---------- Information shown
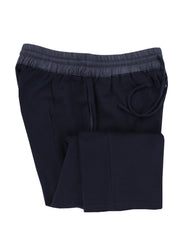 $725 Svevo Parma Dark Blue Solid Cotton Sweatpants - S - (SV9302630)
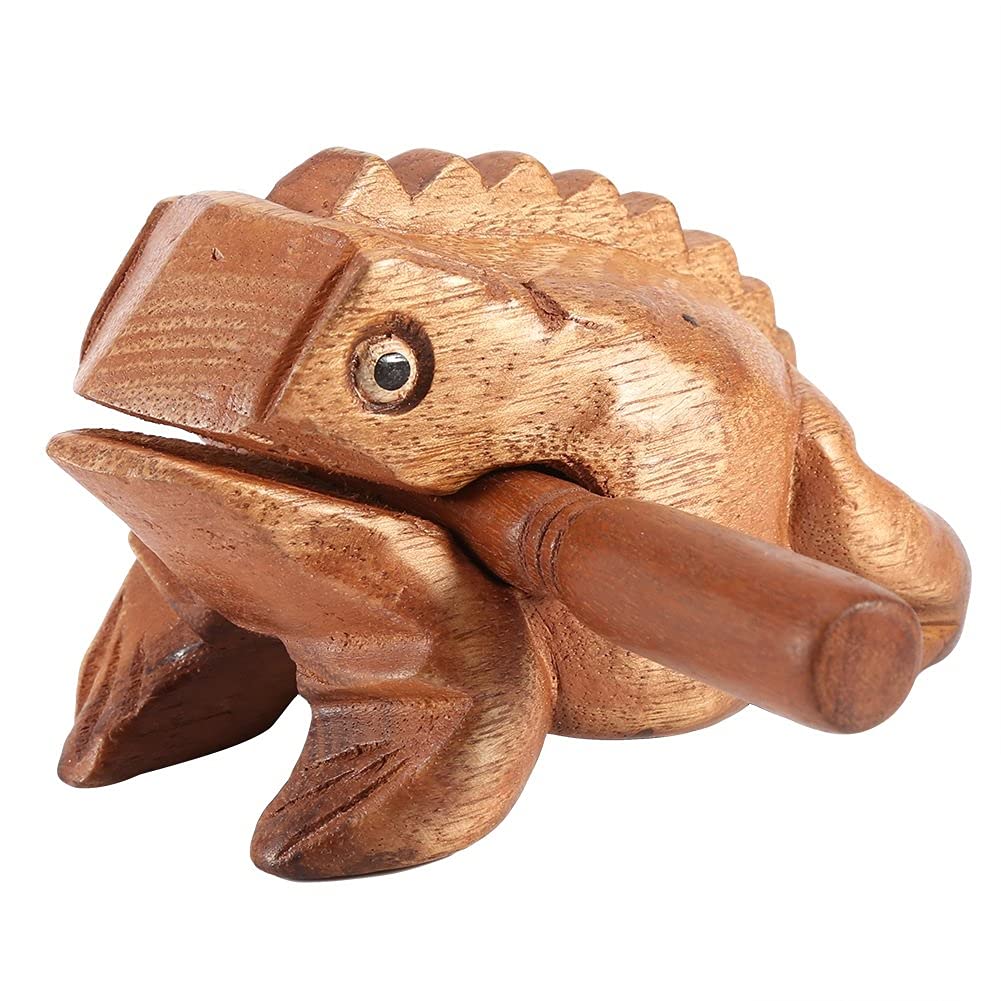 Yosoo Thailand Traditional Home Office Decor Deluxe Craft Wooden Lucky Frog Croaking Musical Instrument Tone Block (Size : 15.6cm)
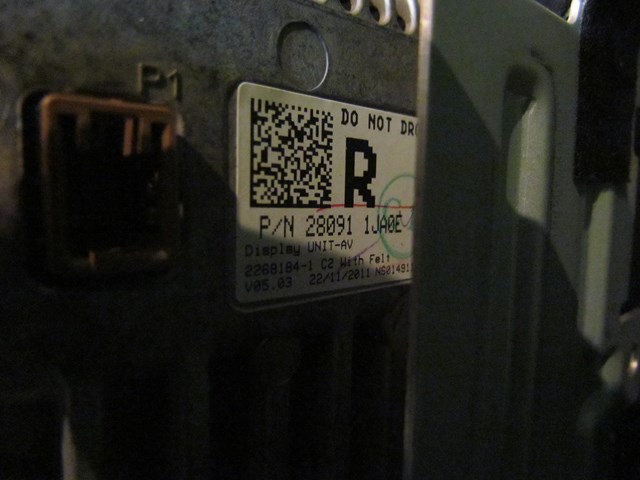 2012 Infiniti M37 Navigation Display Screen 28091 1JA0E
--------------------
• **Task objective**: Verbatim output, no pictures: the line holding "Yosoo Thailand Traditional" and all lines after it through the last line of the material, with nothing else.

• **Written answer**:
 Yosoo Thailand Traditional Home Office Decor Deluxe Craft Wooden Lucky Frog Croaking Musical Instrument Tone Block (Size : 15.6cm)
 2012 Infiniti M37 Navigation Display Screen 28091 1JA0E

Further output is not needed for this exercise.